HAMLET. It is but foolery; but it is such a kind of gain-giving as would perhaps trouble a woman.

HORATIO. If your mind dislike anything, obey it. I will forestall their repair hither, and say you are not fit.

HAMLET. Not a whit, we defy augury. There’s a special providence in the fall of a sparrow. If it be now, ’tis not to come; if it be not to come, it will be now; if it be not now, yet it will come. The readiness is all. Since no man has aught of what he leaves, what is’t to leave betimes?

Enter King, Queen, Laertes, Lords, Osric and Attendants with foils &c.

KING. Come, Hamlet, come, and take this hand from me.

[_The King puts Laertes’s hand into Hamlet’s._]

HAMLET. Give me your pardon, sir. I have done you wrong; But pardon’t as you are a gentleman. This presence knows, and you must needs have heard, How I am punish’d with sore distraction. What I have done That might your nature, honour, and exception Roughly awake, I here proclaim was madness. Was’t Hamlet wrong’d Laertes? Never Hamlet. If Hamlet from himself be ta’en away, And when he’s not himself does wrong Laertes, Then Hamlet does it not, Hamlet denies it.
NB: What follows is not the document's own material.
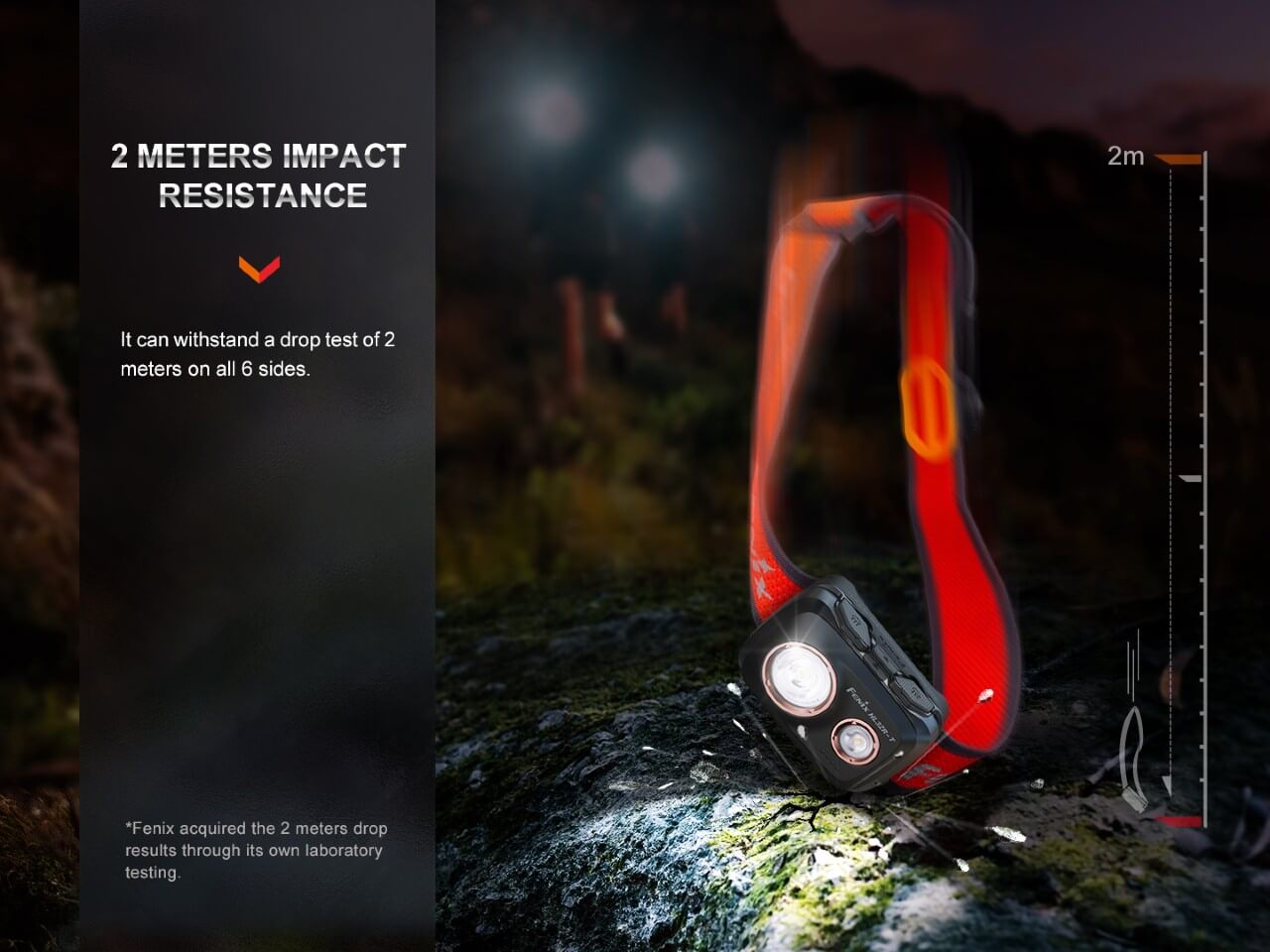 Fenix HL32R-T Trail Running LED Headlamp - 800 Lumens - Energize Trek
Who does it, then? His madness. If’t be so, Hamlet is of the faction that is wrong’d; His madness is poor Hamlet’s enemy. Sir, in this audience, Let my disclaiming from a purpos’d evil Free me so far in your most generous thoughts That I have shot my arrow o’er the house And hurt my brother.

LAERTES. I am satisfied in nature, Whose motive in this case should stir me most To my revenge. But in my terms of honour I stand aloof, and will no reconcilement Till by some elder masters of known honour I have a voice and precedent of peace To keep my name ungor’d. But till that time I do receive your offer’d love like love, And will not wrong it.

HAMLET. I embrace it freely, And will this brother’s wager frankly play.— Give us the foils; come on.

LAERTES. Come, one for me.

HAMLET. I’ll be your foil, Laertes; in mine ignorance Your skill shall like a star i’ th’ darkest night, Stick fiery off indeed.

LAERTES. You mock me, sir.

HAMLET. No, by this hand.

KING. Give them the foils, young Osric. Cousin Hamlet, You know the wager?

HAMLET. Very well, my lord. Your Grace has laid the odds o’ the weaker side.

KING. I do not fear it. I have seen you both; But since he is better’d, we have therefore odds.

LAERTES. This is too heavy. Let me see another.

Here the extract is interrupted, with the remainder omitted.